The only food for Sissy's dinner was tins of flavoured tuna, crackers and salad. I rang Jenny for advice about dog food for my new friend. She suggested I order some battered, grilled or crumbed fish, depending on Sissy's tastes, with some rice from Triple F, which did home deliveries. ‘And make sure you get some soy sauce. Sissy will like that with her rice.' Jenny knew the number by heart.

While I knocked up a salad and waited for Triple F to deliver, I turned on the radio, the local ABC AM, hoping to hear the weather report. The cyclone had passed without devastation to life or dwelling, some basketball team beat another basketball team ‘convincingly', and this Easter was panning out to be the wettest in the Far North for 20 years. I heard a musical-sounding horn. Our food had arrived, delivered in a small car with a big smiling plastic fish on the roof, no less. I was still only half-listening to the news as I handfed Sissy pieces of battered fish, but my attention clicked into gear when I heard, ‘… 33, missing on Thursday Island since Wednesday night. There are concerns for her safety and police urge anyone who has information as to her whereabouts to come forward.'

For a couple of hours, I had managed not to think about Melissa. Now I knew, somehow, she was dead.
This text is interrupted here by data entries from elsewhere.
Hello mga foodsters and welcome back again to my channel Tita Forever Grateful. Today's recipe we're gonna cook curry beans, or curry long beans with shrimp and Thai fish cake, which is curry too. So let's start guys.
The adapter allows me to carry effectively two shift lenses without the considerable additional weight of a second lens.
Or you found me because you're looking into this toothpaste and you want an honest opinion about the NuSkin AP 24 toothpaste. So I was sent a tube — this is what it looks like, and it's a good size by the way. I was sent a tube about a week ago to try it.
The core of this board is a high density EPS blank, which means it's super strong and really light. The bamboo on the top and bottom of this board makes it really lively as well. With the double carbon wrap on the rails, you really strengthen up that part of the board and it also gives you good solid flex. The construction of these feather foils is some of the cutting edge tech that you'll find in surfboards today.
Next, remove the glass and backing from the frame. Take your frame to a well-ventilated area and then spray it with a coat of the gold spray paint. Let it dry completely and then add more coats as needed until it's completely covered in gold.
Sissy and I had a cup of tea on the verandah but a squadron of mosquitoes drove us inside and I could think of nothing else to do but sleep. I folded several towels on the floor for Sissy to cushion her hip bones as she slept.
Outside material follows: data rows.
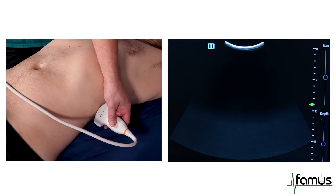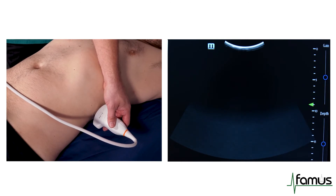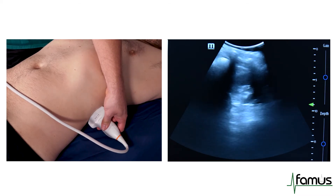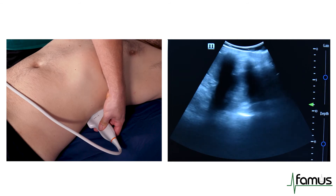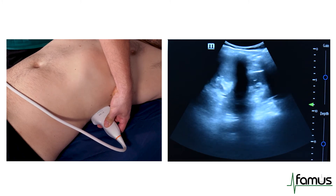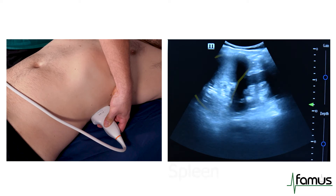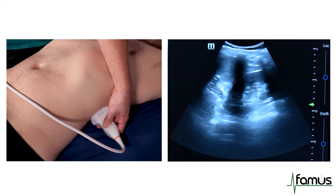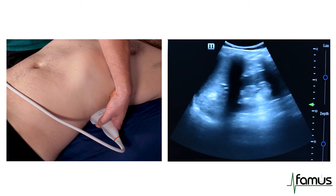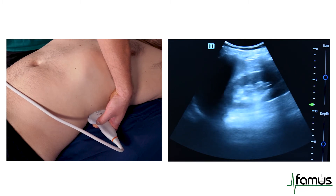The next view of the abdominal examination is the left upper quadrant. We want to be at the posterior axillary line, marker dot towards the head. We can see the spleen and the kidney appearing on the screen. Rotation of our ultrasound transducer can help to get rid of the rib shadows and we can see the kidney fully.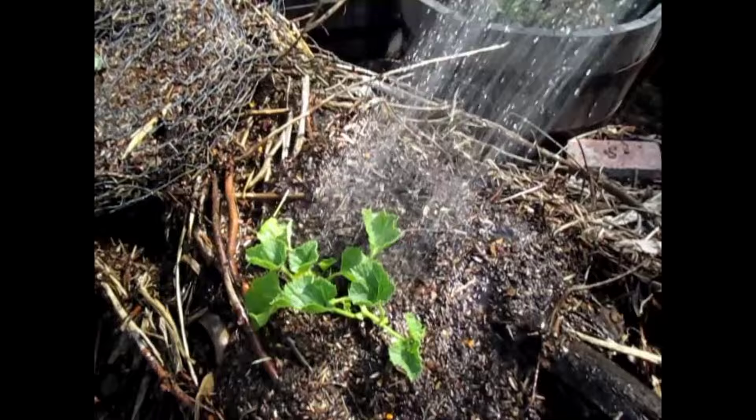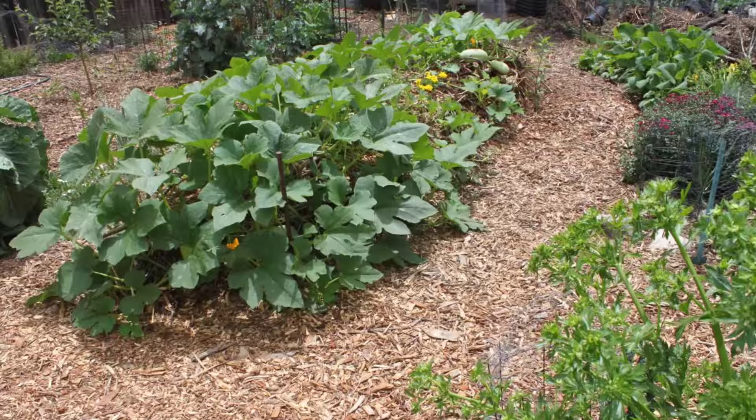Number five, water your plants initially as needed until they're established. Then stop irrigating and let the hugelkultur do its magic.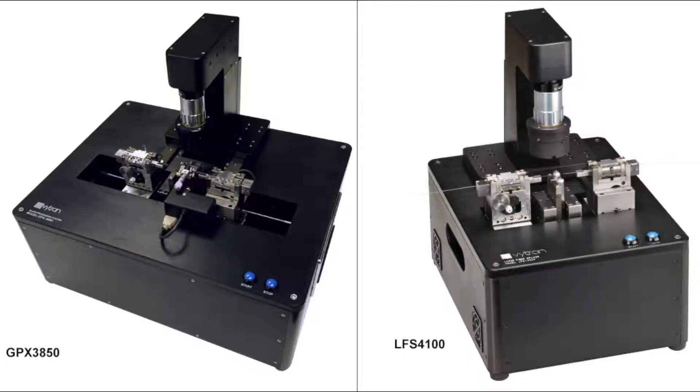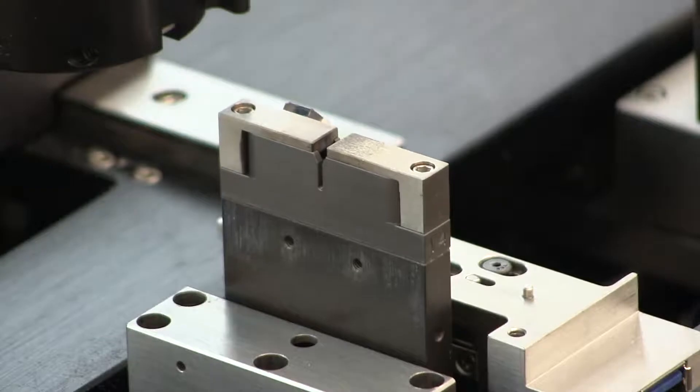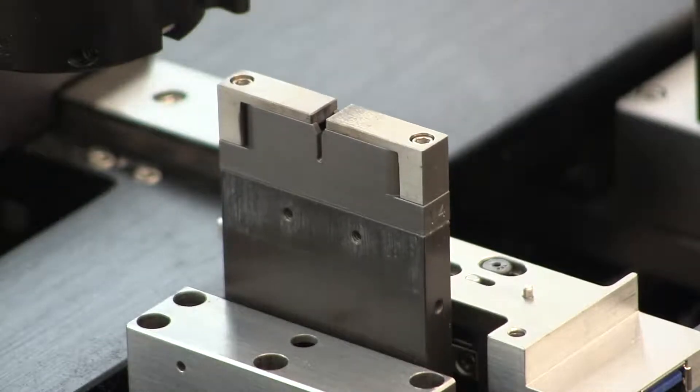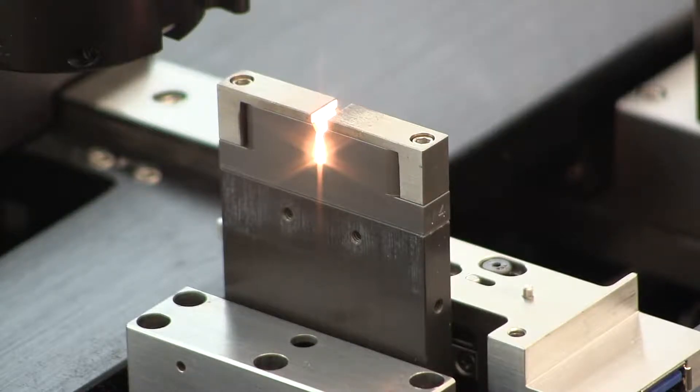GPX glass processors and LFS large fiber splicers use resistive filaments to process fibers. When a new or newly refurbished filament is first installed, it must be cycled between operating and room temperature several times to stabilize its thermal output for consistent heating performance. This process is called burning in a filament. In this video, we will demonstrate how to burn in a new or newly refurbished filament.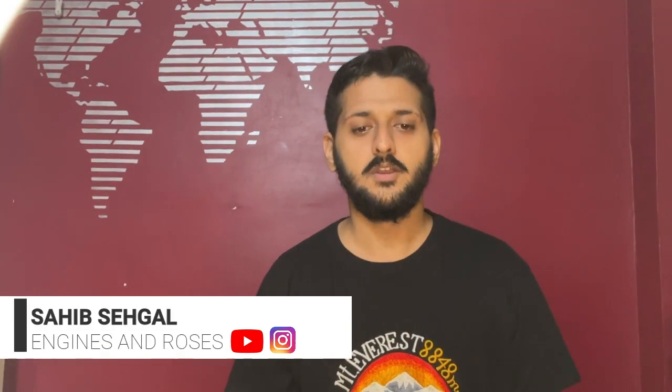Hello and welcome to my YouTube channel. Today we are going to dismantle a complete V8 engine — yes, exactly an 8-cylinder petrol engine. We will completely dismantle it and I will show you each and every part by removing it, and also explain the parts and working of the components inside.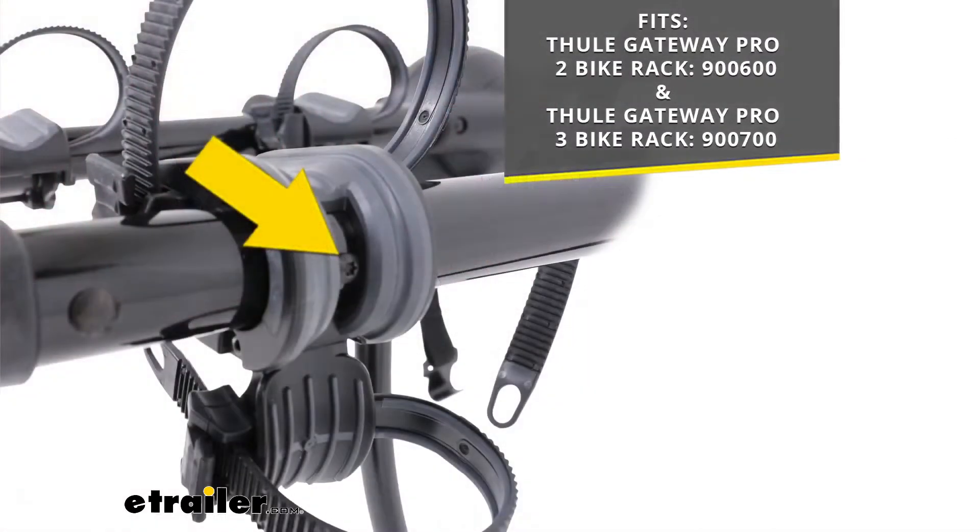This will work with the Thule Gateway Pro 2 or the Gateway Pro 3 bike carriers. This installs in the anti-sway cradles to secure the cradle in place on the arm of your rack.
It was still night when I woke in a terrified sweat to the sound of voices, thinking I was the victim of a home invasion. I relaxed when I realised it was just a group of drunks gathered in the playground across the road. They sang a series of rap songs out of tune, before moving onto songs I recognised, such as Michael Jackson's classics ‘Thriller' and ‘Billy Jean'. Things were harmonious until a fight broke out over whether Michael Jackson was gay or not.

‘He was a poofter,' said a male voice.

‘
Bala,
how come?
Em
got three kids.'

‘Fuck you,' said someone and the voices faded into the distance till all I could hear was Sissy's gentle breaths. I fell asleep on my stomach with my right arm hanging over the side of the bed, my fingertips resting in the deep hollows between her shoulder blades.